→ Exercise goal: Find the line with "Lavoar din granit, capac" in the records below, then please transcribe it and every later line exactly, omitting the pictures and adding nothing.

→ Data for analysis:
Content starts

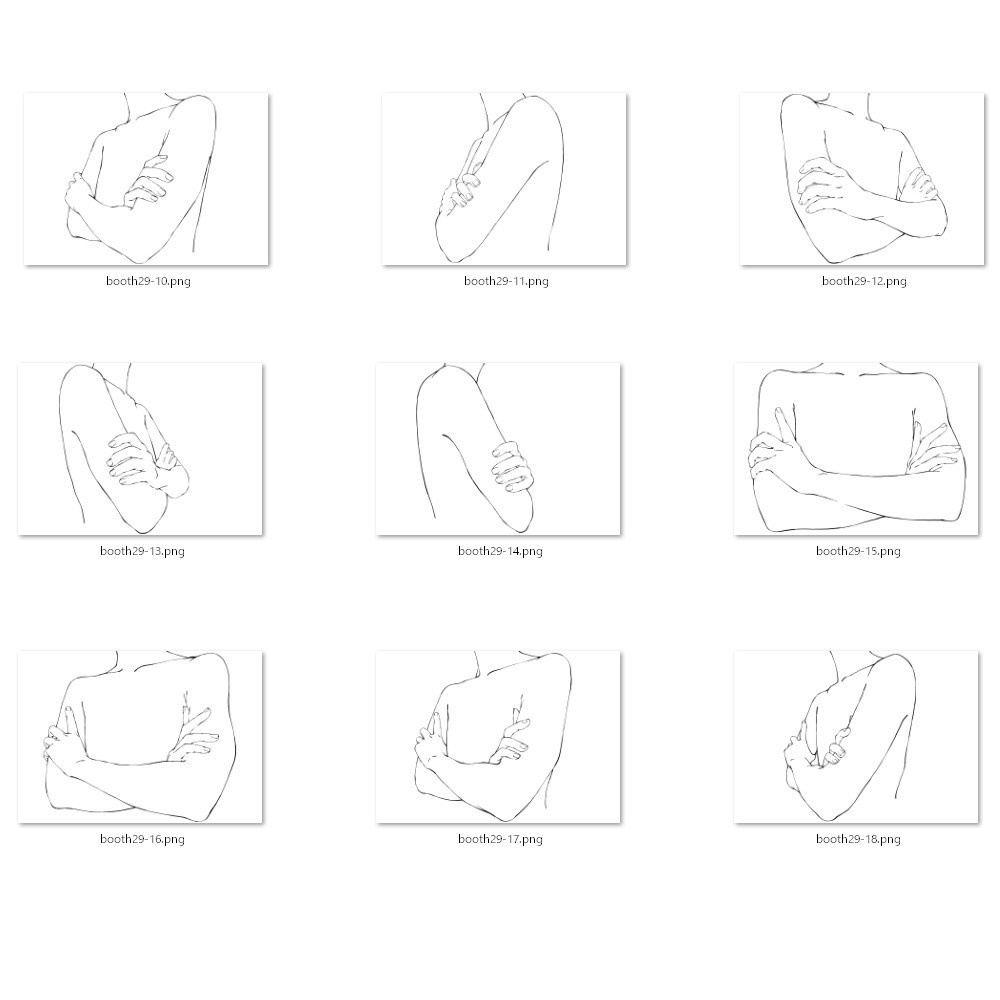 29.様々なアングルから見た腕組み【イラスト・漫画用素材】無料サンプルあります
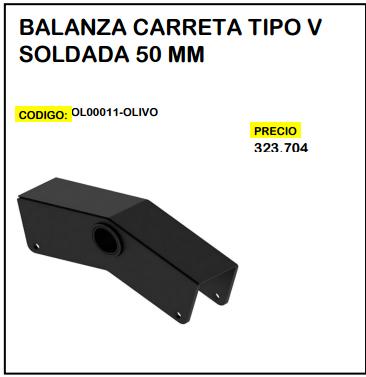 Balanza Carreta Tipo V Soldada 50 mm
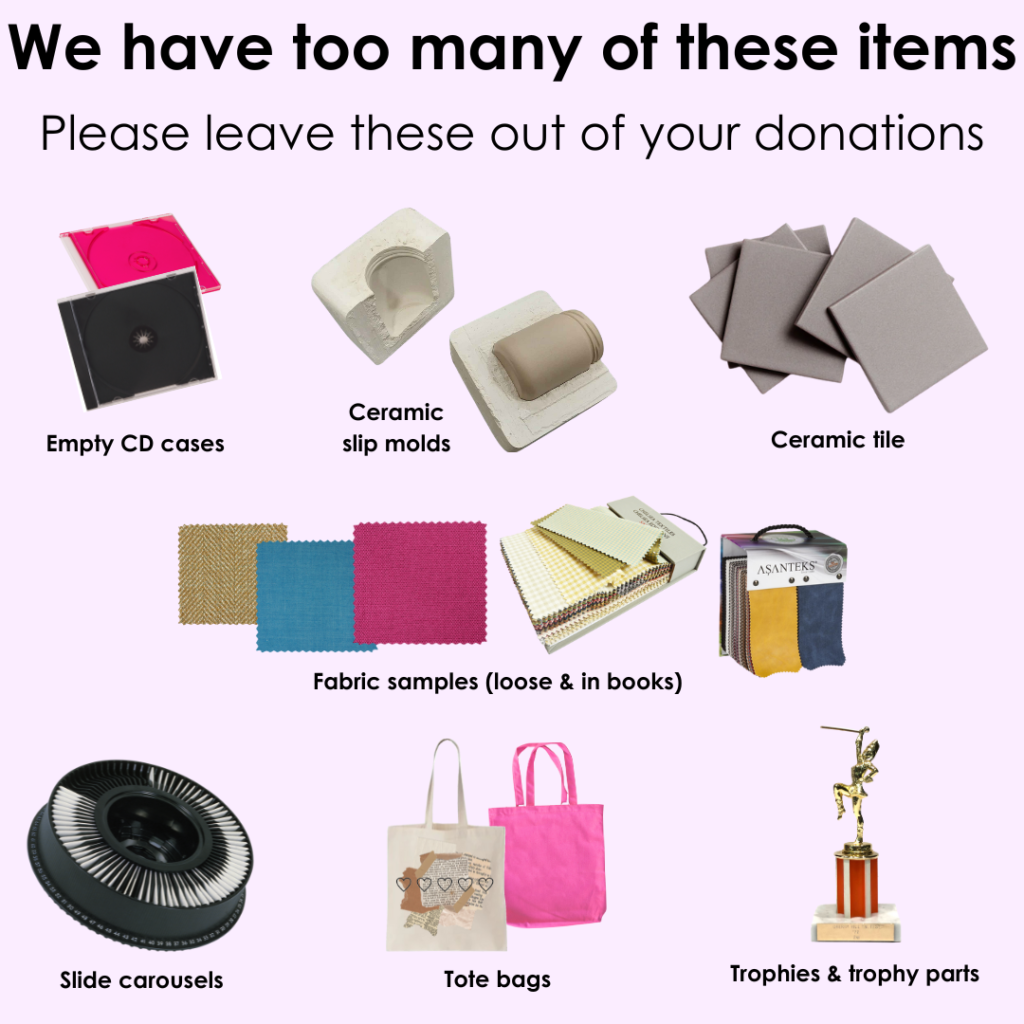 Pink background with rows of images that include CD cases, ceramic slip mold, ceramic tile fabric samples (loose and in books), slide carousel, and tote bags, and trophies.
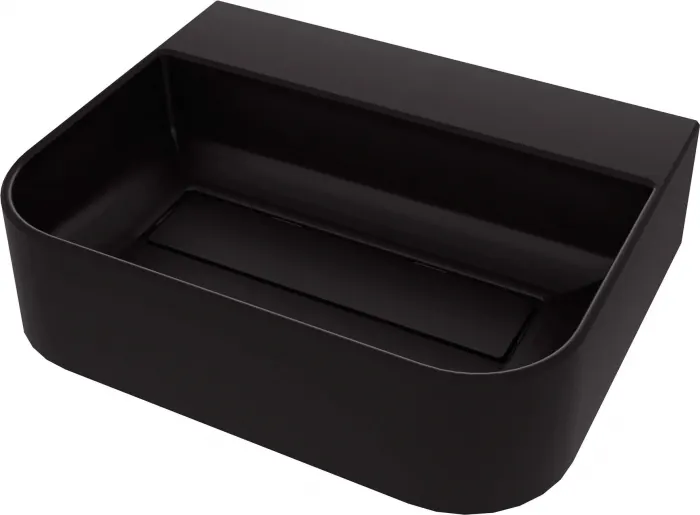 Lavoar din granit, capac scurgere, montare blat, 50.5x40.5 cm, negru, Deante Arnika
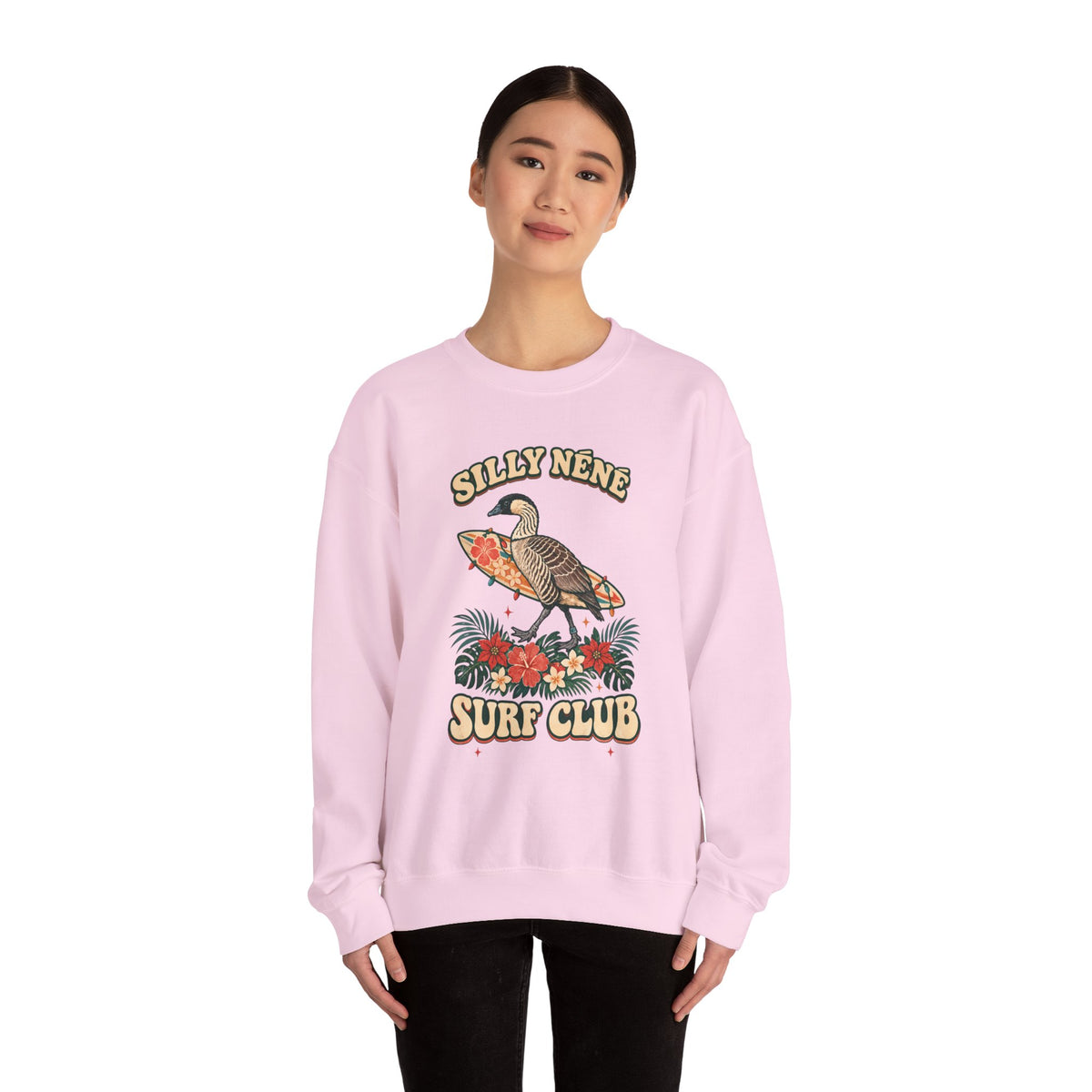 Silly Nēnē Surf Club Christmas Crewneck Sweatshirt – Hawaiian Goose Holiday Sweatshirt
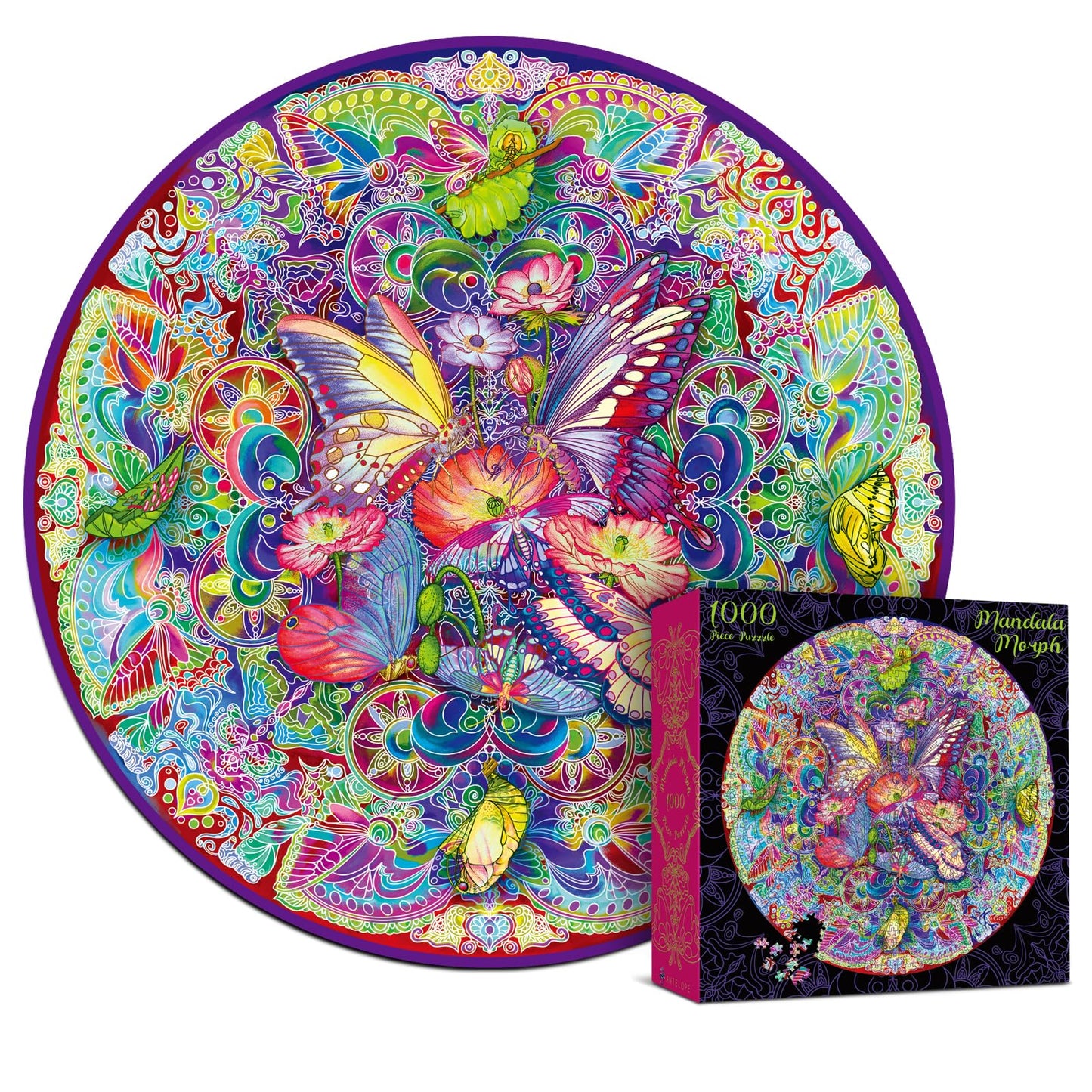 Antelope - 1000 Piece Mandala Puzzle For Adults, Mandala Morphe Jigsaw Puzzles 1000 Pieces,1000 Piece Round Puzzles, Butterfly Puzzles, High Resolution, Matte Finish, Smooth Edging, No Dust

Content ends

→ Result for this exercise:
 Lavoar din granit, capac scurgere, montare blat, 50.5x40.5 cm, negru, Deante Arnika
 Silly Nēnē Surf Club Christmas Crewneck Sweatshirt – Hawaiian Goose Holiday Sweatshirt
 Antelope - 1000 Piece Mandala Puzzle For Adults, Mandala Morphe Jigsaw Puzzles 1000 Pieces,1000 Piece Round Puzzles, Butterfly Puzzles, High Resolution, Matte Finish, Smooth Edging, No Dust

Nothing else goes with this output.